#### Material provided:

□ □ □ □ □ □ □

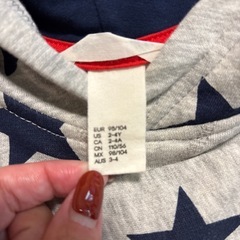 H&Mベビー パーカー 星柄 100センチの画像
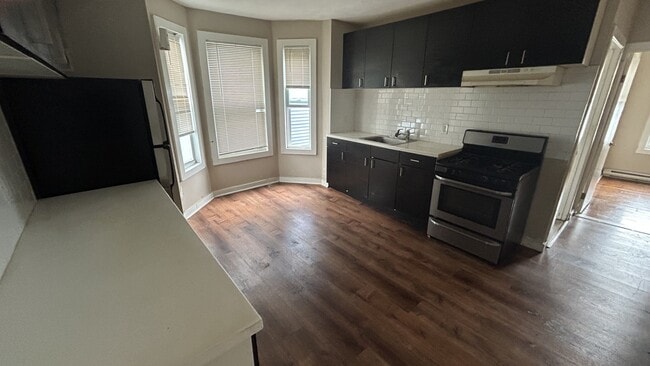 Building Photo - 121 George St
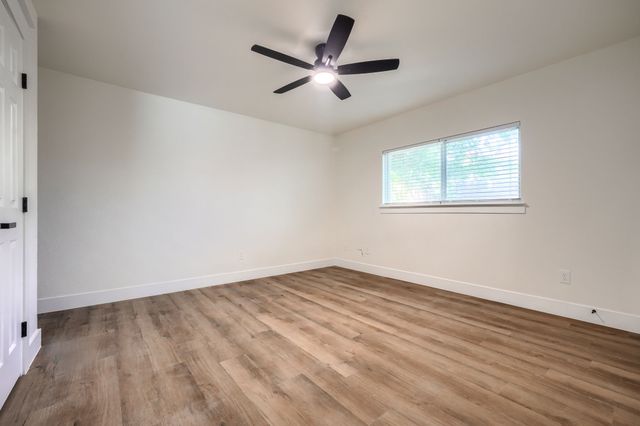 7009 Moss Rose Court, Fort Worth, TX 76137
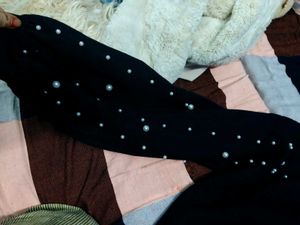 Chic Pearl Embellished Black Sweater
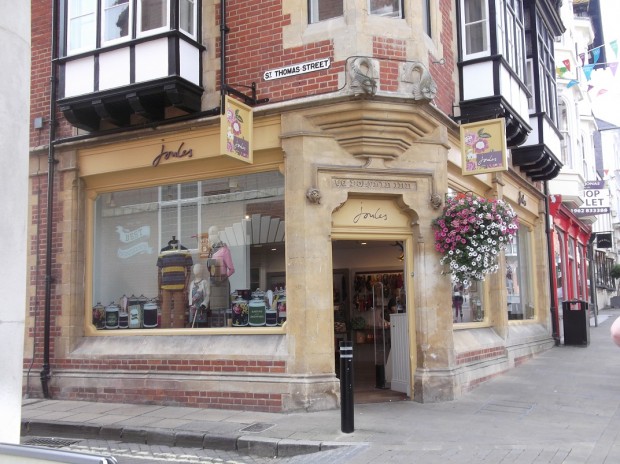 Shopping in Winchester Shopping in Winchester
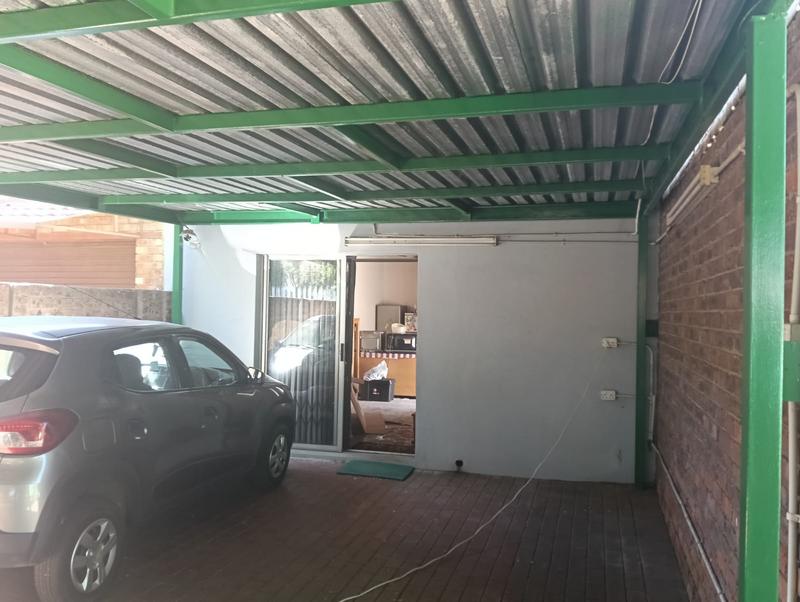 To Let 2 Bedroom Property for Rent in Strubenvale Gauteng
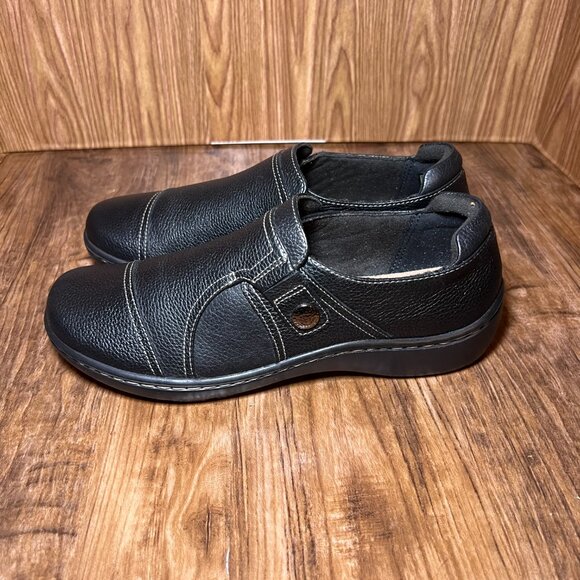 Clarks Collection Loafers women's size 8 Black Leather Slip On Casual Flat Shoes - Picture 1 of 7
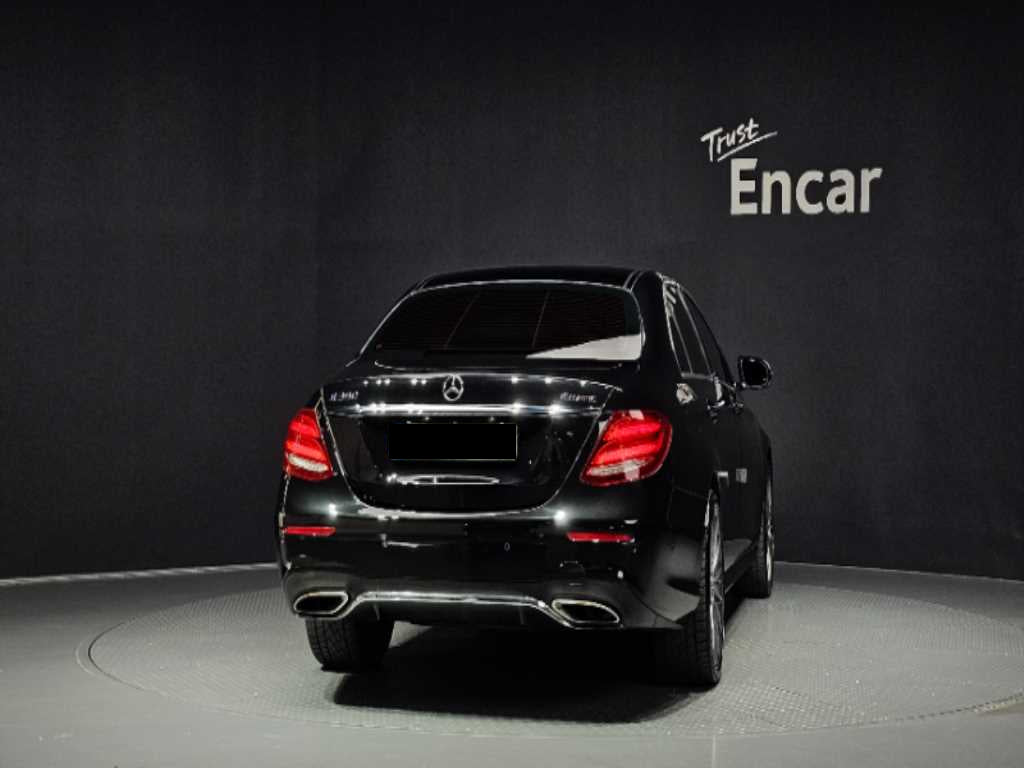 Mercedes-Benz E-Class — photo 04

□ □ □ □ □ □ □

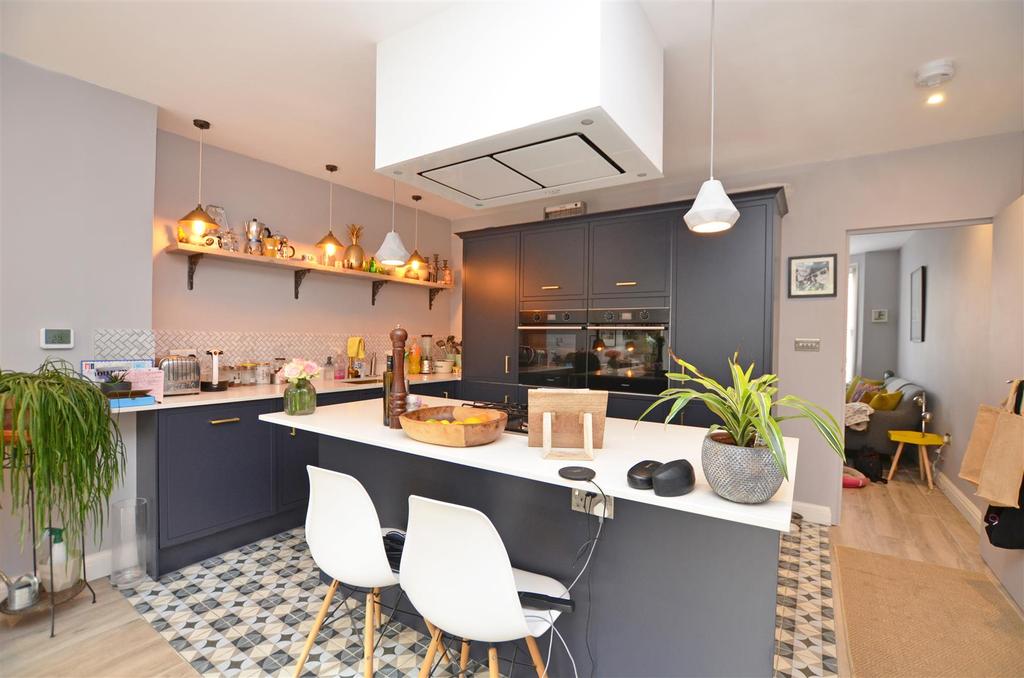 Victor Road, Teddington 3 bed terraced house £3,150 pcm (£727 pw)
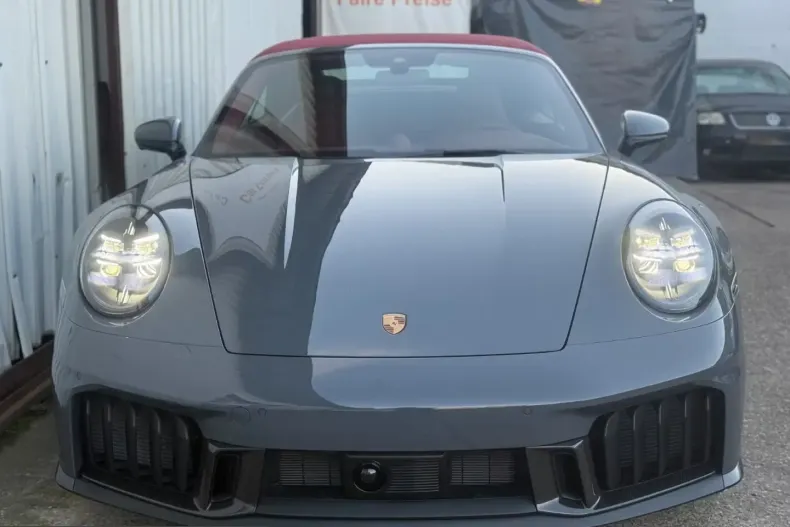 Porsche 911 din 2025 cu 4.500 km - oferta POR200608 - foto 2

□ □ □ □ □ □ □

#### Your instructions:
Print exactly the lines above that run from the one with "Victor Road, Teddington" to the one with "Porsche 911 din", both included. No pictures.

#### Written answer:
 Victor Road, Teddington 3 bed terraced house £3,150 pcm (£727 pw)
 Porsche 911 din 2025 cu 4.500 km - oferta POR200608 - foto 2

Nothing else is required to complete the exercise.